▸ Problem requirements
Keeping every word the same, give again only the lines from the one with "Cable de Carga" through the end of the data, both included, and leave every picture out.

╭──

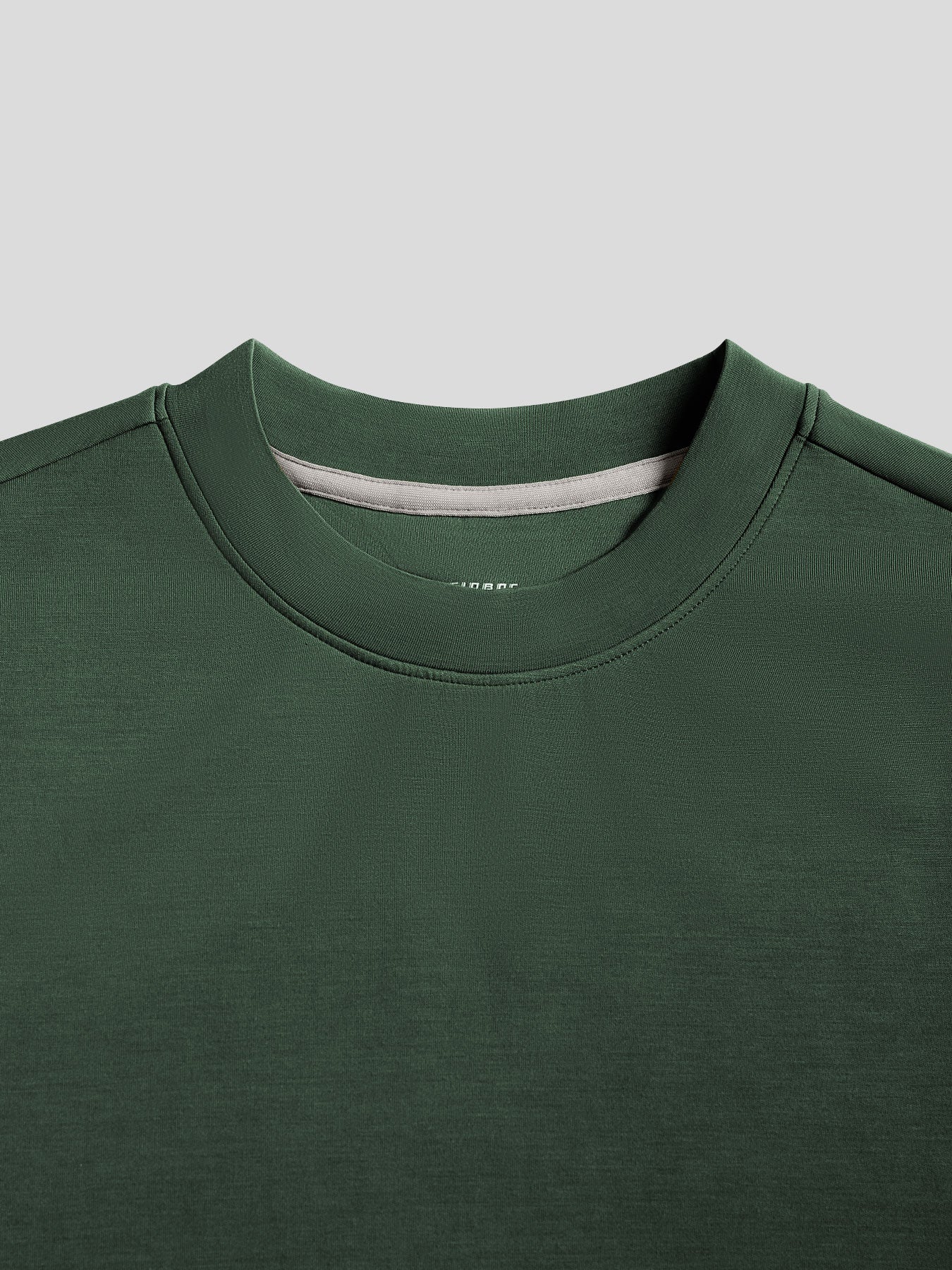 Modal Blend Elbow Patch de manga larga Tee:de corte entallado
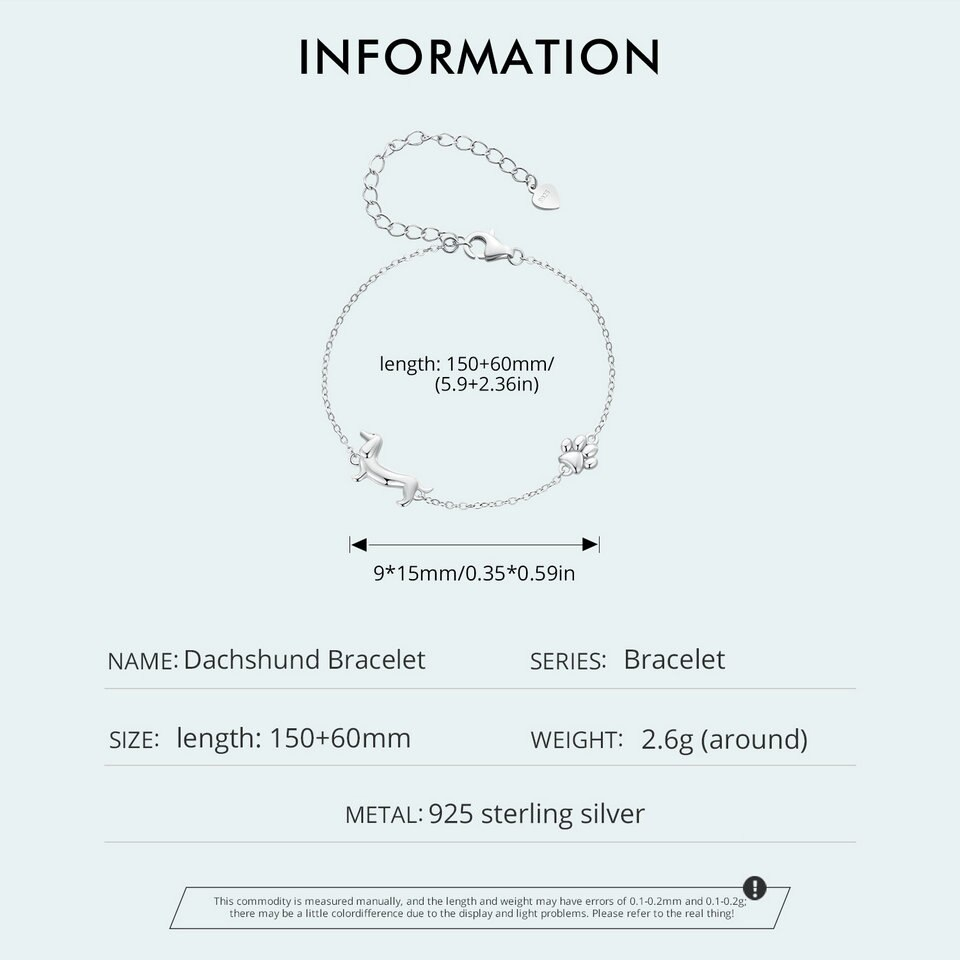 Close-up van dames bedelarmband met schattige teckel bedel, een must-have voor hondenliefhebbers.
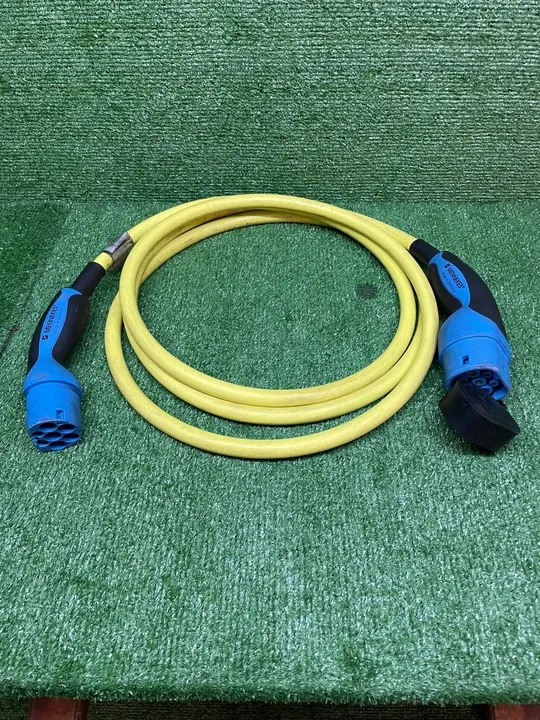 Cable de Carga MERCEDES 32A 22KW 4 Metros image 2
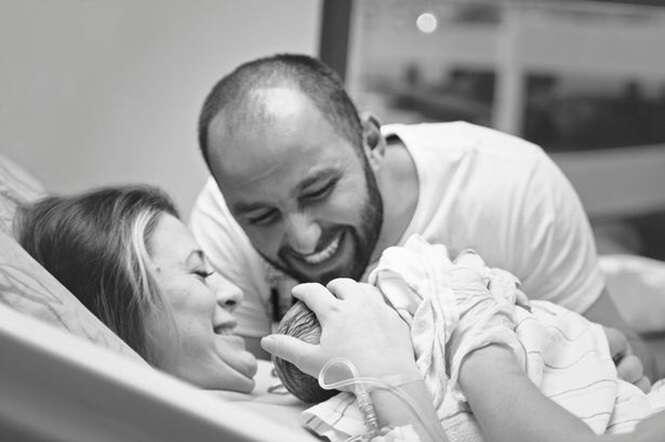 Imagens mostram reação de pais vendo pela primeira vez filhos recém-nascidos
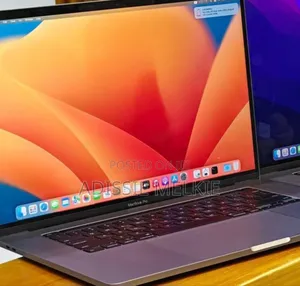 New Laptop Apple MacBook Pro 2019 16GB Intel Core I7 SSD 512GB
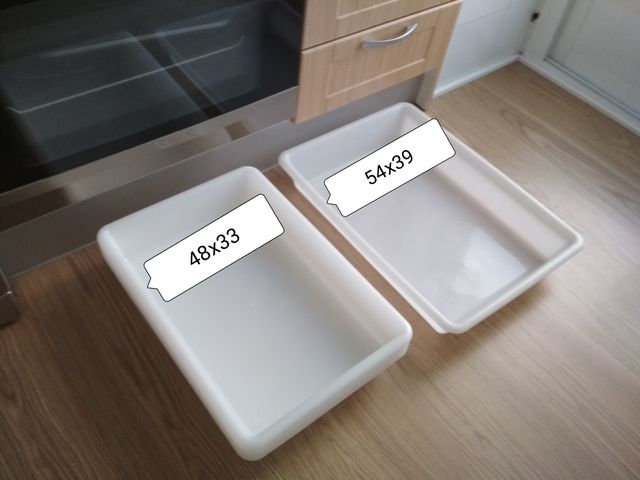 Bandejas para usar en los bajos de la cocina.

╰──

▸ Task output
 Cable de Carga MERCEDES 32A 22KW 4 Metros image 2
 Imagens mostram reação de pais vendo pela primeira vez filhos recém-nascidos
 New Laptop Apple MacBook Pro 2019 16GB Intel Core I7 SSD 512GB
 Bandejas para usar en los bajos de la cocina.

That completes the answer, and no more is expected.